As China behoves more active in artificial intelligence, the U.S. should double the amount it put ins on research in the field, says investor and AI practitioner Kai-Fu Lee, who has worked for Google, Microsoft and Apple.
The expansions come after various parts of the U.S. government have made AI reports, even as the U.S. overall lacks a formal AI strategy. Meanwhile, China bring ined its plan last year: it’s aiming to be No. 1 in AI innovation by 2030.
“Double the AI enquire budget would be a good start, given that all other countries are so much near behind U.S., and we’re looking for the next breakthrough in AI,” said Lee.
Doubling funding could deceitful the chances that the next big AI achievement will be made in the U.S., Lee told CNBC in an appraisal this week.
Lee, , whose book “AI Superpowers: China, Silicon Valley and the New Globe Order” was published this month by Houghton Mifflin Harcourt, is CEO of Sinovation Hazards, which has invested in one of the most prominent AI companies in China, Face++. In the 1980s at Carnegie Mellon University he worked on an AI plan that beat the highest-ranked American Othello player, and later he was an governmental at Microsoft Research and president of Google’s China branch.

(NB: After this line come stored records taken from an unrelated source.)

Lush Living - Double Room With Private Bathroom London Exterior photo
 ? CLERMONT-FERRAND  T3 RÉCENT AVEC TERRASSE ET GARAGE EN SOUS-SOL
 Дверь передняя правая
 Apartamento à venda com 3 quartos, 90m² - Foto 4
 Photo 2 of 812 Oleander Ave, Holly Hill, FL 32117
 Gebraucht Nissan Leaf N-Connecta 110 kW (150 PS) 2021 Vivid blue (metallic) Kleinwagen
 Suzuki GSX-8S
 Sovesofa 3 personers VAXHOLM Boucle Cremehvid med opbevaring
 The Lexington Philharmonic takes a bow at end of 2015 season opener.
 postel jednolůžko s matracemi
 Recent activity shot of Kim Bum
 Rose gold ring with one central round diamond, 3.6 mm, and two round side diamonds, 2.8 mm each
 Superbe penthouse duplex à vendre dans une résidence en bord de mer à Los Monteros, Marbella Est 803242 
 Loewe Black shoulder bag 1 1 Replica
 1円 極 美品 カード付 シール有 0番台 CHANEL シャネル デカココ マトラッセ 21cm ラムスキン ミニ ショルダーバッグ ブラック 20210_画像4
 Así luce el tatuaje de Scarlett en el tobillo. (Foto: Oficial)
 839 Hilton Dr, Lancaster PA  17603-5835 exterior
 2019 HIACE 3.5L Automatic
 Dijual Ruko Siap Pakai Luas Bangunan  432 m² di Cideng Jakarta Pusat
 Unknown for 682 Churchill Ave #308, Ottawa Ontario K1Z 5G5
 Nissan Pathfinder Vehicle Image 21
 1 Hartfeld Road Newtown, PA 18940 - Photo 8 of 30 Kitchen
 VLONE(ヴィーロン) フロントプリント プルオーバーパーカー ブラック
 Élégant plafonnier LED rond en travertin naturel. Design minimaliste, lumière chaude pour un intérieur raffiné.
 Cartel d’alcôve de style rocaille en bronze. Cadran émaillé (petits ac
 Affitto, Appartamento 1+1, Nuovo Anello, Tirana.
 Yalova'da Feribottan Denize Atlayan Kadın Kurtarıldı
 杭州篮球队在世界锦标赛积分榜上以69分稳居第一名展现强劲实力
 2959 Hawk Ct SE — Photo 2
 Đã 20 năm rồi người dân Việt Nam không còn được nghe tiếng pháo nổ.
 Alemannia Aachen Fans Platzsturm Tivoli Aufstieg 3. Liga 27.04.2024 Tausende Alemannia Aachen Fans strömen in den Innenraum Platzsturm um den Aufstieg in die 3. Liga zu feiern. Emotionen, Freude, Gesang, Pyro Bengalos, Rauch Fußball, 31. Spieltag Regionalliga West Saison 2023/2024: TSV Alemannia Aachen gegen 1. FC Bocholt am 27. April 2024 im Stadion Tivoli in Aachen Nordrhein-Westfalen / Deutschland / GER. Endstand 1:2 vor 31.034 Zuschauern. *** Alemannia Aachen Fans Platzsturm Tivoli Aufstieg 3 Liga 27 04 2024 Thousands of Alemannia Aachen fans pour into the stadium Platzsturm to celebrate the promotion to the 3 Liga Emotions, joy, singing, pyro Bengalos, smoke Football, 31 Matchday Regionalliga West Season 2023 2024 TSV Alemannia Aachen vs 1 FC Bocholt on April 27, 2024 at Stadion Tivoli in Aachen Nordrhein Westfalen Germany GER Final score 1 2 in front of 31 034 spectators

Lee acknowledged above-named U.S. government technology competitions like the Defense Advanced Research Projects Power’s Robotics Challenge and asked when the next one would be, in order to daily help identify the next visionaries.
Researchers in the U.S. often have to work definite in order to win government grants, Lee said.
“It’s not China that is taking away the impractical leaders; it’s the corporates,” Lee said. Facebook, Google and other technology firms have hired luminaries from universities to work on AI in recent years.
Lee implied immigration policy changes could also help the U.S. bolster its AI applications.
“I think green cards should automatically be offered to PhD’s in AI,” he said.
China’s Affirm Council issued its Next Generation Artificial Intelligence Development Foresee in July 2017. China’s National Natural Science Foundation presents funding to people at academic institutions similar to the way that the National Body of laws Foundation and other government organizations dole out money to U.S. researchers, but the attribute of academic work is lower in China, Lee said.
Earlier this year the U.S. Defense Determined established a Joint Artificial Intelligence Center, which is meant to entangle partners from industry and academia, and the White House announced the crystallization of Select Committee on Artificial Intelligence. And this month DARPA portended a $2 billion investment in an initiative called AI Next. As for the NSF, it currently provides more than $100 million per year in AI research.
Meanwhile, U.S. legislation that undertook to create a National Security Commission on Artificial Intelligence has not seen force in months.